Boolean algebra simplification

Question

I have the equation (CD)+(BC'D'+A'B'C'D)+(C'D') and I can't seem to simplify it enough for my homework. I've tried multiple ways of simplifying the equation and I keep ending with an extra variable D.

Answer 1

First of all, note that $B+1=1,$ so that $$BC'D'+C'D'=(B+1)C'D'=C'D'.$$ Likewise, $1+A'B'=1,$ so since $C+C'=1,$ then $$\begin{align}CD+A'B'C'D &= (1+A'B')CD+A'B'C'D\\ &= CD+A'B'CD+A'B'C'D\\ &= CD+A'B'(C+C')D\\ &= CD+A'B'D.\end{align}$$ That, together with commutativity lets you simplify it to $$CD+A'B'D+C'D'.$$ Is that the answer you were looking for?

Answer 2

There are only four variables here, so let's make a Karnaugh map.
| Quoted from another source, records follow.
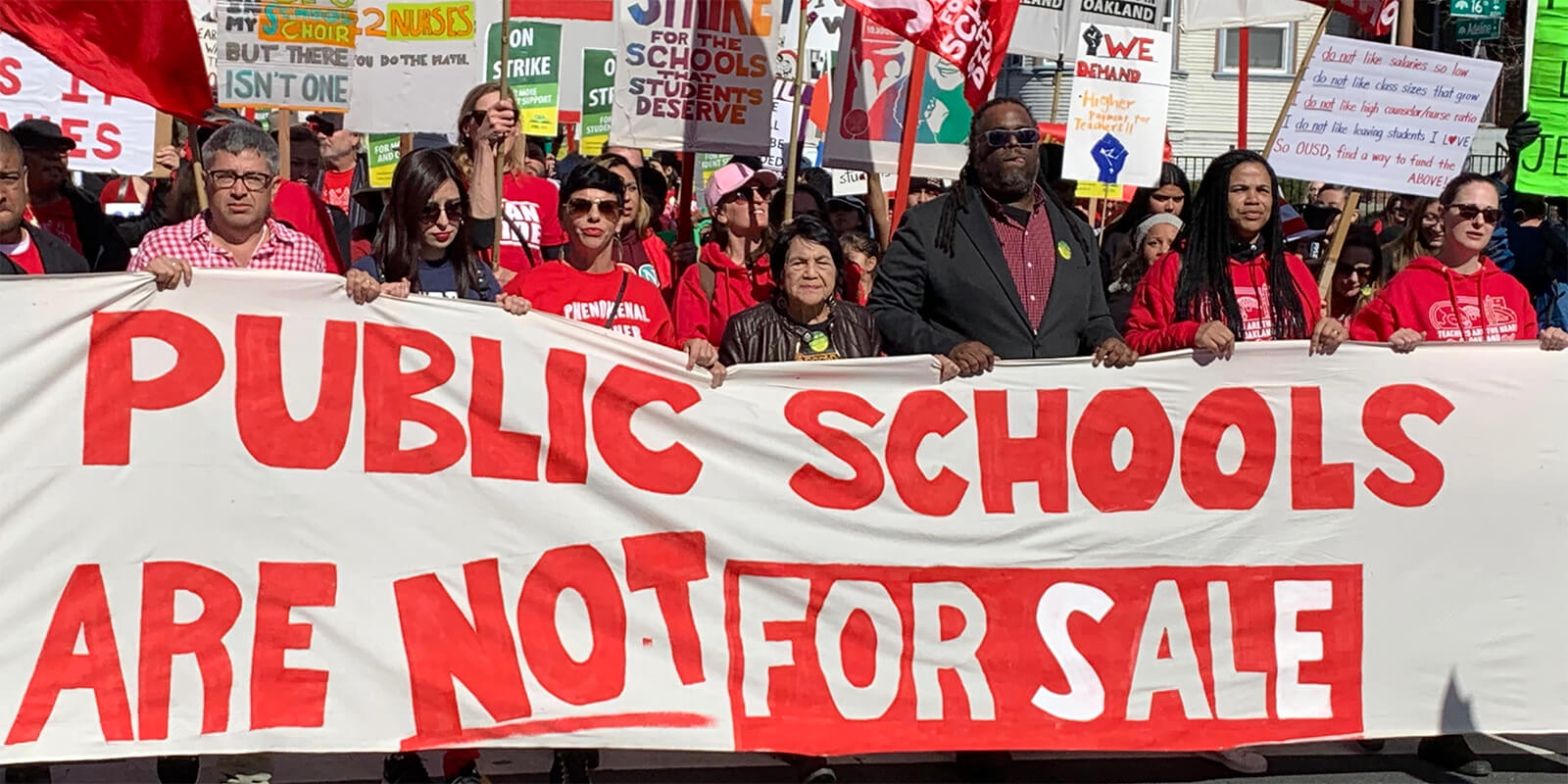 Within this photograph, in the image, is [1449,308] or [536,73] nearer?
[1449,308]

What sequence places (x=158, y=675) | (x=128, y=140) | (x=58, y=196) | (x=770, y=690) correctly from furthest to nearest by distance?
(x=128, y=140)
(x=58, y=196)
(x=770, y=690)
(x=158, y=675)

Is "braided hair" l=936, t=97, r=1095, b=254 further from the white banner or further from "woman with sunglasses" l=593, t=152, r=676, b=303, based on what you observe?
"woman with sunglasses" l=593, t=152, r=676, b=303

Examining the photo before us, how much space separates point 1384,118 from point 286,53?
15.9 feet

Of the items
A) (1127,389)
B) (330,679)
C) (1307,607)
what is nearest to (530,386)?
(330,679)

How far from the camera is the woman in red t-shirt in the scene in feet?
19.0

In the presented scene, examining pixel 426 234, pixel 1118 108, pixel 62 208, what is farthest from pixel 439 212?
pixel 1118 108

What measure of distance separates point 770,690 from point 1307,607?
1576 mm

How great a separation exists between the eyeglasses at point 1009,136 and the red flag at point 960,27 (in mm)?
1577

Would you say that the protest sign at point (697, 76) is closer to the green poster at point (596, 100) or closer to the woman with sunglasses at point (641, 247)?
the woman with sunglasses at point (641, 247)

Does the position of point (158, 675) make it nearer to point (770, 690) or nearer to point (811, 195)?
point (770, 690)

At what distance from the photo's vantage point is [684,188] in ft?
28.0

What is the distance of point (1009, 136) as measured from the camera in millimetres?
5695

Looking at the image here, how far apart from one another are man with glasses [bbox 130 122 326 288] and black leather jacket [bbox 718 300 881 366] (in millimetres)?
1246

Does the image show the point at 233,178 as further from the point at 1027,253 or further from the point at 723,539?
the point at 1027,253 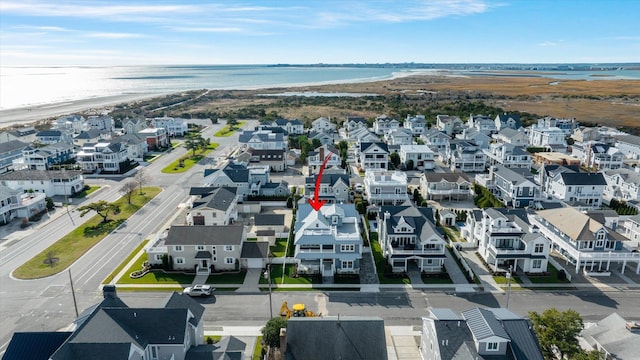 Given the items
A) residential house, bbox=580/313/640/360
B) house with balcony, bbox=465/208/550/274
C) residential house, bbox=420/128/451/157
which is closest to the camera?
residential house, bbox=580/313/640/360

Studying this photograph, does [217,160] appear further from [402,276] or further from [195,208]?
[402,276]

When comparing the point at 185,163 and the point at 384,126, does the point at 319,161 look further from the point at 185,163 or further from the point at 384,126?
the point at 384,126

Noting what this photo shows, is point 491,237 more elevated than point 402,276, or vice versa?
point 491,237

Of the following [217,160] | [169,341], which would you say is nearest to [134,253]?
[169,341]

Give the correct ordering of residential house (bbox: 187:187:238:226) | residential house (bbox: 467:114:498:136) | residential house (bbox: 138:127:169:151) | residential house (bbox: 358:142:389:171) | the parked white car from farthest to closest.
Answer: residential house (bbox: 467:114:498:136) < residential house (bbox: 138:127:169:151) < residential house (bbox: 358:142:389:171) < residential house (bbox: 187:187:238:226) < the parked white car

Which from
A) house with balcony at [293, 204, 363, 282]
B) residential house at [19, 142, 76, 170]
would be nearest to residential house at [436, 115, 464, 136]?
house with balcony at [293, 204, 363, 282]

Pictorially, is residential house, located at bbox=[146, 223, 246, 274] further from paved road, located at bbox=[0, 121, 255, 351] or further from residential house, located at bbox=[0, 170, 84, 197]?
residential house, located at bbox=[0, 170, 84, 197]

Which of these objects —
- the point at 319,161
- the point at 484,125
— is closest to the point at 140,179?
the point at 319,161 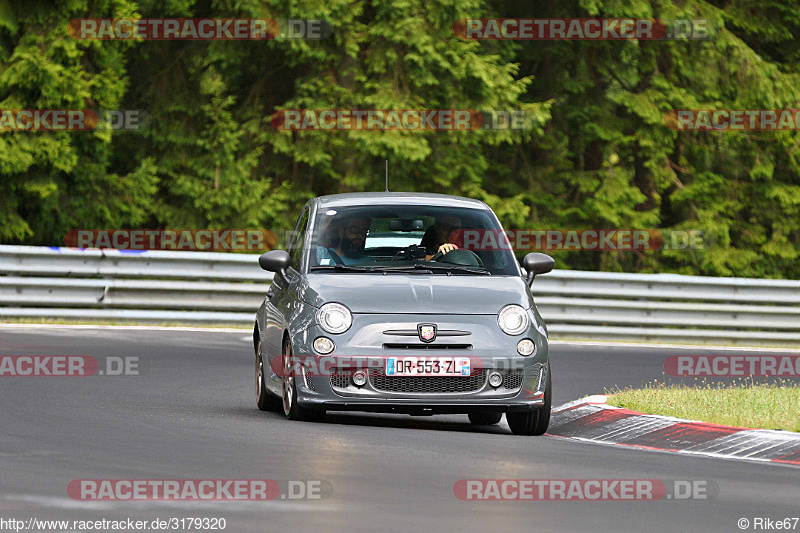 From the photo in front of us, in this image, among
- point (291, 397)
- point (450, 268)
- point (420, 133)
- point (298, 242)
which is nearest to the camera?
point (291, 397)

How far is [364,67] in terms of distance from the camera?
29.1 metres

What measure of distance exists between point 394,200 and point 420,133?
14.5m

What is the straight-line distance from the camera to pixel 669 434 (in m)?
12.4

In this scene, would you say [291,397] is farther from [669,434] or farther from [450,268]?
[669,434]

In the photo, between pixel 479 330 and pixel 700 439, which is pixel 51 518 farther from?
pixel 700 439

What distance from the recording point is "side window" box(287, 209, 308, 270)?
44.4 feet

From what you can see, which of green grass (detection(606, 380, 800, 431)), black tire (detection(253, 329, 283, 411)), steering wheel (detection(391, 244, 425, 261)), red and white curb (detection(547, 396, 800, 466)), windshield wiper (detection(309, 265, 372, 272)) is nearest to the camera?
red and white curb (detection(547, 396, 800, 466))

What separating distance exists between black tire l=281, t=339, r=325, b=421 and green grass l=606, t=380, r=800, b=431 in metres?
2.59

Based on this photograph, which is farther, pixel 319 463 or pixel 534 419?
pixel 534 419

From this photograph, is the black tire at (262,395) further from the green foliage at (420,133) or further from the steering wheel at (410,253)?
the green foliage at (420,133)

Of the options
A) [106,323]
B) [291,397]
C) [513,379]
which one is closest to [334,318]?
[291,397]

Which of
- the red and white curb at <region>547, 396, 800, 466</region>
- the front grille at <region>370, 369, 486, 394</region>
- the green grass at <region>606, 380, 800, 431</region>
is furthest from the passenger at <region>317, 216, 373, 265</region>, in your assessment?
the green grass at <region>606, 380, 800, 431</region>

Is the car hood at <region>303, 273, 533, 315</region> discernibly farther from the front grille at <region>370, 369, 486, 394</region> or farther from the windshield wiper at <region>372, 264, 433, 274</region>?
the front grille at <region>370, 369, 486, 394</region>

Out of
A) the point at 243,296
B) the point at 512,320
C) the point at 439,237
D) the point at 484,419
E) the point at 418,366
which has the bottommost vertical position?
the point at 484,419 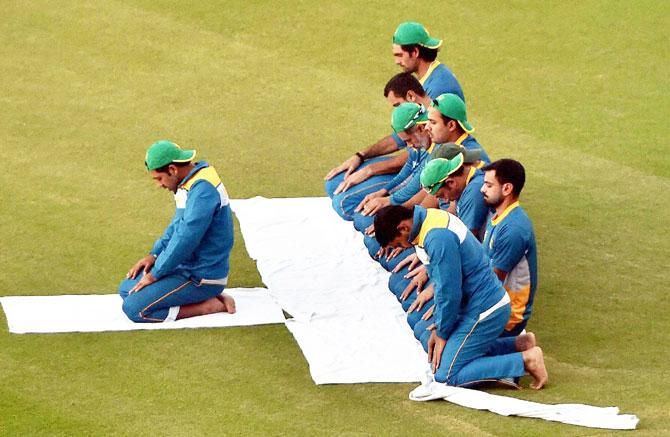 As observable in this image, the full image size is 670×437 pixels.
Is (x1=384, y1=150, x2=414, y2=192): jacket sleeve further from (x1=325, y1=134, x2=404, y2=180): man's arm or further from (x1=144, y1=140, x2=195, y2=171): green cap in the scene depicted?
(x1=144, y1=140, x2=195, y2=171): green cap

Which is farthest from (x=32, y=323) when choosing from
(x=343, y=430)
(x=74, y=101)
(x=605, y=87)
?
(x=605, y=87)

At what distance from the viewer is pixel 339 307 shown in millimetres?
9039

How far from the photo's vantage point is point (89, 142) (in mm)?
11656

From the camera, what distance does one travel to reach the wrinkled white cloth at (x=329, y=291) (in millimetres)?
8172

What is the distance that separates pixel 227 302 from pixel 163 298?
1.58 ft

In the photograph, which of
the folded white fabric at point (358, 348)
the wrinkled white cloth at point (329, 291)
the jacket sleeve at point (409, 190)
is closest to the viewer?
the folded white fabric at point (358, 348)

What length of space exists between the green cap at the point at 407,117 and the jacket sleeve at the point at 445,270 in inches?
72.3

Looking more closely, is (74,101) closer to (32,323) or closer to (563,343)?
(32,323)

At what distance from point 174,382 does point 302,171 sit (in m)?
3.88

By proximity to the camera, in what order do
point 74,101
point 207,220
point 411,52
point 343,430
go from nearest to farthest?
point 343,430 < point 207,220 < point 411,52 < point 74,101

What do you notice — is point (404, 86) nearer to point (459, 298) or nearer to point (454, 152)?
point (454, 152)

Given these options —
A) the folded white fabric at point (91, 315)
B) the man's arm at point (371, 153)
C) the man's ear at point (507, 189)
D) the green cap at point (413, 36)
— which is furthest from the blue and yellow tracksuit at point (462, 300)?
the man's arm at point (371, 153)

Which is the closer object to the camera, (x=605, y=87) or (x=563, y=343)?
(x=563, y=343)

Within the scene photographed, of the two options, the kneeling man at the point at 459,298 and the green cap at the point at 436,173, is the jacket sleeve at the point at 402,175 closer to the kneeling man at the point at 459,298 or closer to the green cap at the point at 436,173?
the green cap at the point at 436,173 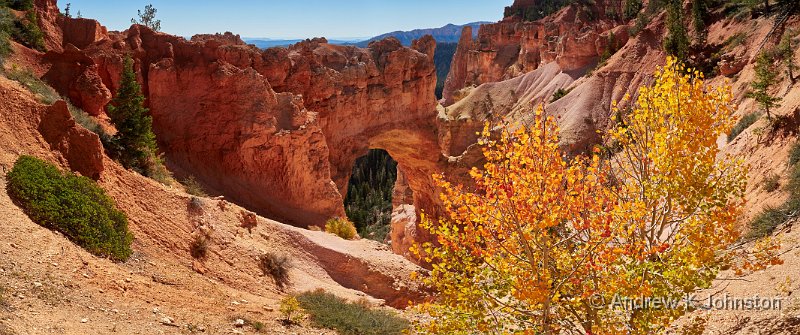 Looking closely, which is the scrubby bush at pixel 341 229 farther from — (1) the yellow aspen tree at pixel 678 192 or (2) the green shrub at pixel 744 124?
(2) the green shrub at pixel 744 124

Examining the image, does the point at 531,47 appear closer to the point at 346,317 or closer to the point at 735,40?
the point at 735,40

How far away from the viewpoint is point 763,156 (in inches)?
963

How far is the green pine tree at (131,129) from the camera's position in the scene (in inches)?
827

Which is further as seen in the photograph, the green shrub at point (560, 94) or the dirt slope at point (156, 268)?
the green shrub at point (560, 94)

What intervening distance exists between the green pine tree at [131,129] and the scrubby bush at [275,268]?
18.8 ft

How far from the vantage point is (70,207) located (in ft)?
48.1

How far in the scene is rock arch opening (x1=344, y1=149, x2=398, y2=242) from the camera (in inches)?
2675

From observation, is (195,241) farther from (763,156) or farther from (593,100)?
(593,100)

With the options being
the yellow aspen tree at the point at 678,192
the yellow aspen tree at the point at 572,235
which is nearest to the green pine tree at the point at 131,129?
the yellow aspen tree at the point at 572,235

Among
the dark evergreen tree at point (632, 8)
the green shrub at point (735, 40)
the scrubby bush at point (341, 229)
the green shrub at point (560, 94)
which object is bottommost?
the scrubby bush at point (341, 229)

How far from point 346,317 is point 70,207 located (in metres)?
8.18

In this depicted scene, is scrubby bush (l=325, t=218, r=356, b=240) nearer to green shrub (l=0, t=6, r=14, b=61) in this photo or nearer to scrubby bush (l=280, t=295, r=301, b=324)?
scrubby bush (l=280, t=295, r=301, b=324)

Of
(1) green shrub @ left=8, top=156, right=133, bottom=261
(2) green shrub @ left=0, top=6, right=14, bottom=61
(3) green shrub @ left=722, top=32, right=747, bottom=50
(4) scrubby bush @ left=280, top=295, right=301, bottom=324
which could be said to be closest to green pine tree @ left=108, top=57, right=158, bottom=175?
(2) green shrub @ left=0, top=6, right=14, bottom=61

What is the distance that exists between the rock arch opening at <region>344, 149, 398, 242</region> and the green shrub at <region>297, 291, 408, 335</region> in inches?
1429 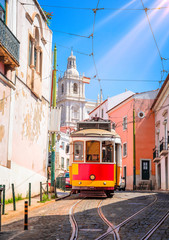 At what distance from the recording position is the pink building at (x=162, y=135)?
3241 centimetres

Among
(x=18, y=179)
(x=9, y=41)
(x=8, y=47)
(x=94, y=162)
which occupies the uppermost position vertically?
(x=9, y=41)

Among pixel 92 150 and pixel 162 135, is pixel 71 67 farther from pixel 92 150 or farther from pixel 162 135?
pixel 92 150

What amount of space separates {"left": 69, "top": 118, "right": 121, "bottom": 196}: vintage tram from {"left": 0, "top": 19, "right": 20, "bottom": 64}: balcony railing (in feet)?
15.8

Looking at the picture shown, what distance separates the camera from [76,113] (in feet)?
350

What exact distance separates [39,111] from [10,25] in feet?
19.4

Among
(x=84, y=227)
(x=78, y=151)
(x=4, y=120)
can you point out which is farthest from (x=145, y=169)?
(x=84, y=227)

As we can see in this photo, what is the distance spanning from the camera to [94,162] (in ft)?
58.2

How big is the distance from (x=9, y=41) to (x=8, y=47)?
1.03 ft

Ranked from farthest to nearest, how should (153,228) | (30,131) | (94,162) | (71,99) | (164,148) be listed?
(71,99) < (164,148) < (30,131) < (94,162) < (153,228)

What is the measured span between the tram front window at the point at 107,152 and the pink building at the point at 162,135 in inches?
520

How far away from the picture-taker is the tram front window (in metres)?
17.8

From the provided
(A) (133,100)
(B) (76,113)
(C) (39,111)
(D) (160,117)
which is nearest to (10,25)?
(C) (39,111)

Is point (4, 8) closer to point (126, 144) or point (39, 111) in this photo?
point (39, 111)

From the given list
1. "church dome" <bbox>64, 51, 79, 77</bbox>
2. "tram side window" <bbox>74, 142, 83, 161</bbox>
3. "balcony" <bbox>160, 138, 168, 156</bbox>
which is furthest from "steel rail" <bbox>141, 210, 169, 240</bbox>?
"church dome" <bbox>64, 51, 79, 77</bbox> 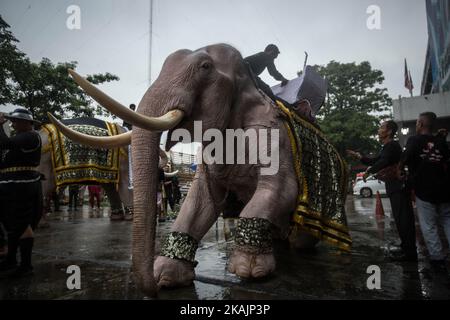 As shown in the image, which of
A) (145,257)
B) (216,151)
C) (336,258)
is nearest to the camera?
(145,257)

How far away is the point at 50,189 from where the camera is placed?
505 cm

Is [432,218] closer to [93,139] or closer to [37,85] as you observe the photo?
[93,139]

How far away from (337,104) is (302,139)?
91.0 feet

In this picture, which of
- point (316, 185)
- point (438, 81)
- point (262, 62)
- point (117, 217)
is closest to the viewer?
point (316, 185)

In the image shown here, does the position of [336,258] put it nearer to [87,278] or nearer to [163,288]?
[163,288]

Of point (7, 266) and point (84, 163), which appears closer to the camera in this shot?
point (7, 266)

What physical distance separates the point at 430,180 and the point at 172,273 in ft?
8.27

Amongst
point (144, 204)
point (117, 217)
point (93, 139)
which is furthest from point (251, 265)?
point (117, 217)

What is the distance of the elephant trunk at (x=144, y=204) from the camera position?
1.64m

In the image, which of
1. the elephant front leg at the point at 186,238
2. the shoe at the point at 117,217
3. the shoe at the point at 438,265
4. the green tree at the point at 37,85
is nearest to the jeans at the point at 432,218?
the shoe at the point at 438,265

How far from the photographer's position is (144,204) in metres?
1.80

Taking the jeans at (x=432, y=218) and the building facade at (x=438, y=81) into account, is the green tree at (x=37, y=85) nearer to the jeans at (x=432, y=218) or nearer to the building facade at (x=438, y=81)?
the jeans at (x=432, y=218)

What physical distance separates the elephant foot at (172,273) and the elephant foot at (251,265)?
0.31 meters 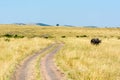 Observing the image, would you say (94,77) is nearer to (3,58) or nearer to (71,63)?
(71,63)

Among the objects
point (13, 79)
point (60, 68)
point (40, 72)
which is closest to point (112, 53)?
point (60, 68)

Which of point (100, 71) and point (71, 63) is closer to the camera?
point (100, 71)

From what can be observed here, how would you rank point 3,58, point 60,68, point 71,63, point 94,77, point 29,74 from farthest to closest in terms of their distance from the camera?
point 3,58, point 71,63, point 60,68, point 29,74, point 94,77

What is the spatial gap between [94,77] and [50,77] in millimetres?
2747

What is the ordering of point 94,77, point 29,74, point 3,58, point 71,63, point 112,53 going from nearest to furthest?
point 94,77, point 29,74, point 71,63, point 3,58, point 112,53

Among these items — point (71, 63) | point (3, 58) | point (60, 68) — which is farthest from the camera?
point (3, 58)

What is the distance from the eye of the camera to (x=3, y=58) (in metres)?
28.2

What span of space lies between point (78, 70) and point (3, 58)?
909cm

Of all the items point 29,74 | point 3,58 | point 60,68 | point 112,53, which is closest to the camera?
point 29,74

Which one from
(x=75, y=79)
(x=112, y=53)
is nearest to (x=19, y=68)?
(x=75, y=79)

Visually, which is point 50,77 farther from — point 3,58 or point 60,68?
point 3,58

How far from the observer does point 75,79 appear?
19016 millimetres

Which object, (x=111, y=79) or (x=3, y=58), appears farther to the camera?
(x=3, y=58)

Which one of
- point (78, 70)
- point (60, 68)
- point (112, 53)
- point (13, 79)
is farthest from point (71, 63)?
point (112, 53) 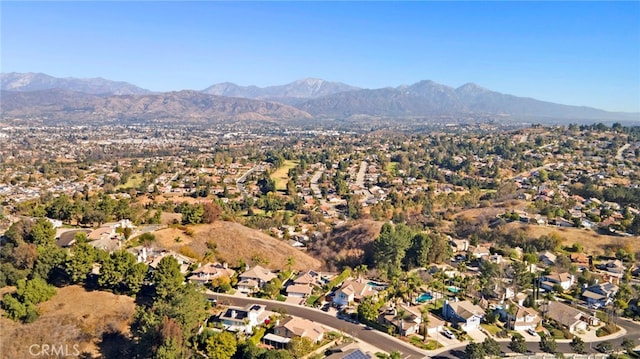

$$ \begin{array}{r|cccc|} & AB & AB' & A'B' & A'B \\ \hline CD & X & X & X & X\\ CD' & \\ C'D' & X & X & X & X\\ C'D & & & X & \\ \hline \end{array} $$

While you're making the map, you'll notice that the $BC'D'$ boxes are already filled in, because the $C'D'$ boxes are all filled by the $C'D'$ term. So the $BC'D'$ term was entirely redundant, and can be dropped. Even if you don't eventually show the Karnaugh map to your teacher, that's a useful thing to notice; it's the first thing Cameron Buie mentioned in his answer.

Now when you look at the map the two horizontal lines jump out at you. Unfortunately they aren't adjacent, or they could be turned into a single very simple term. (For example, the middle two rows are simply $D'$.) As it is, the two horizontal rows are $CD$ and $C'D'$.

This leaves only one box left over, at $A'B'C'D$. We could write it that way, but we get a simpler expression by amalgamating it with an adjacent box. If we use the one above, we get $A'B'C'$, and our final answer is then $$CD + C'D' + A'B'C'.$$

If we chose to amalgamate $A'B'C'D$ with the box below, we would get the equally simple equivalent solution $$CD + C'D' + A'B'D$$ which Cameron Buie found.

The form of the Karnaugh map makes clear that there's nothing simpler to find.